Although Mr. Trudeau used the climate strikes to highlight his record on the environment, he was met with protest over his government’s purchase of the Trans Mountain pipeline project. As he walked alongside Quebec Liberal candidates, his wife and two of his oldest kids, some protesters criticized him for purchasing the Trans Mountain pipeline, while others were excited and tried to take pictures.
The loudest chants against him came from a group shouting: “No pipeline, no pipeline.” In response, Mr. Trudeau and his candidates chanted in French: “We’re moving forward for the planet.”
In June, Ms. Thunberg tweeted that the pipeline purchase was “shameful." When asked by reporters about her tweet, Mr. Trudeau said his response to her and the protesters is that the Liberals would “hit our 2030 targets” while also ensuring the country gets a “better price for our oil resources,” with the profits going toward combating climate change.
Mr. Trudeau also announced Friday that a re-elected Liberal government would plant two billion trees over 10 years, creating 3,500 seasonal jobs each year.
The tree-planting initiative would be funded out of a broader $3-billion climate fund. A Liberal document said the costs would be offset by the revenues from the Trans Mountain pipeline expansion project, which the government purchased for $4.5-billion.
Shane Moffatt, head of the nature and food campaign at Greenpeace Canada, said the Liberal’s tree-planting proposal is a step in the right direction, but it cannot be a substitute for continuing to take oil out of the ground.
“It’s not a consistent approach to simultaneously be planting trees and continuing with oil extraction at the level we’re seeing now," Mr. Moffatt said.

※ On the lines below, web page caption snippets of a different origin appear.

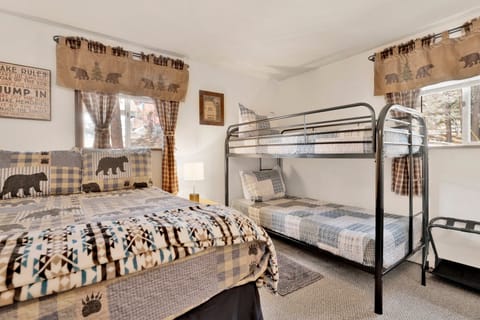 Peaceful cabin bedroom with plush bedding, and beautiful views—ideal for restful nights, cozy mornings, and a relaxing mountain escape.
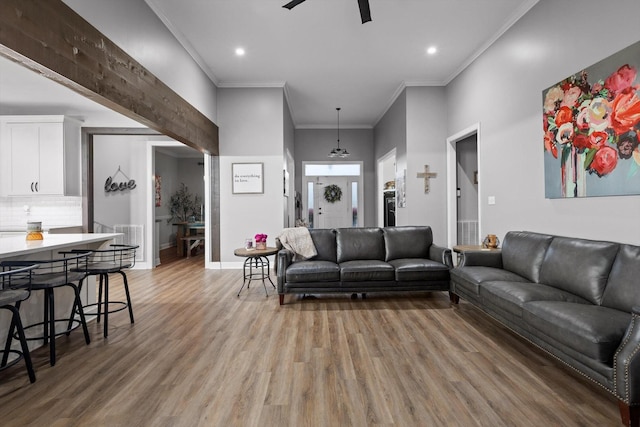 living room featuring light wood-style floors, a ceiling fan, baseboards, ornamental molding, and recessed lighting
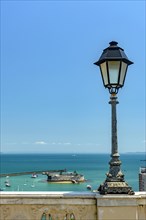 Old lamppost on a wall overlooking the sea and historic fortification in Todos os Santos Bay in Salvador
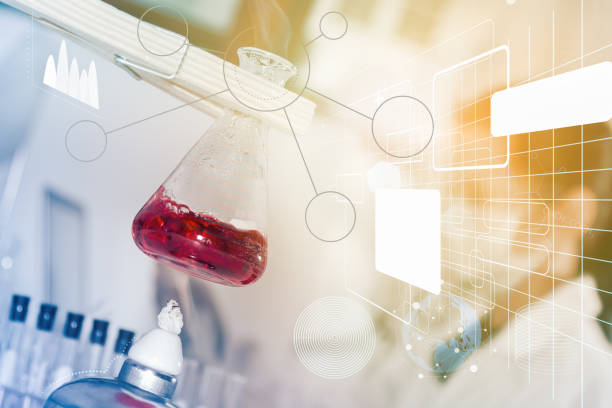 istock Flask in scientist hand with test tubes for analysis. 665692696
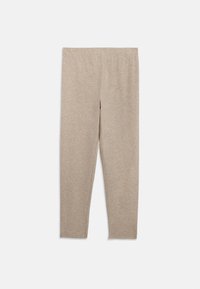 Beige leggings i mjukt, stretchigt tyg. Åtsittande modell med en slät elastisk midja och inga synliga sömmar eller mönster.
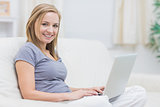 Portrait of happy casual woman using laptop at home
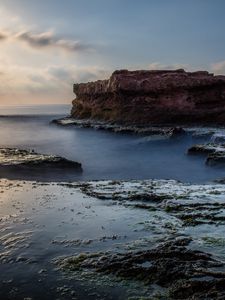 Preview wallpaper sea, rock, coast, relief, long exposure, landscape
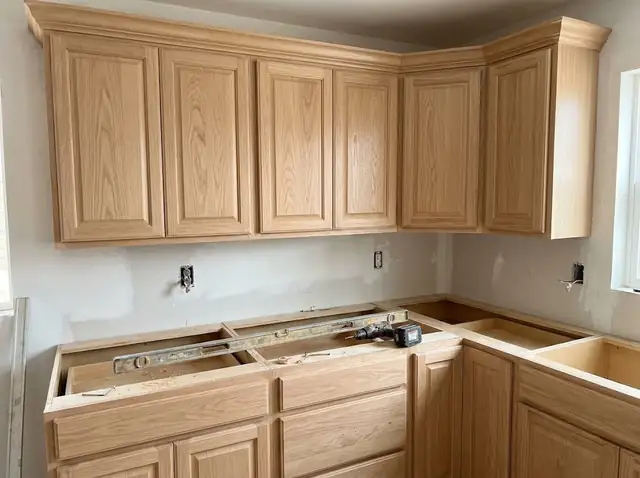 Illustration of newly installed oak kitchen cabinets with a level resting on the base cabinets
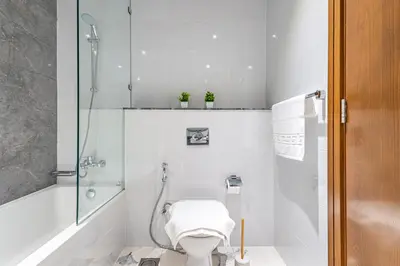 a white bathroom with a toilet and a shower at Best Business Bay Location - Direct Views of Canal and Al Khail Racecourse - 1 min from Al Habtoor Palace in Dubai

Mr. Singh also made a climate-related announcement, telling reporters in Ladysmith, B.C., that the NDP would create a $40-million coastal-protection fund if it forms government. He said that the fund would protect salmon, improve Coast Guard equipment and training, and clean up abandoned vessels that pose a threat to Canada’s coastlines. He also reiterated his party’s plan to fight the Liberal government’s purchase of the Trans Mountain project.
“Instead of Mr. Trudeau, who likes to say pretty words before an election then buy a pipeline, or Mr. Scheer, who doesn’t believe that there even is a crisis, New Democrats are committed … to putting massive investments to fighting the climate crisis and protecting our coastline,” Mr. Singh said.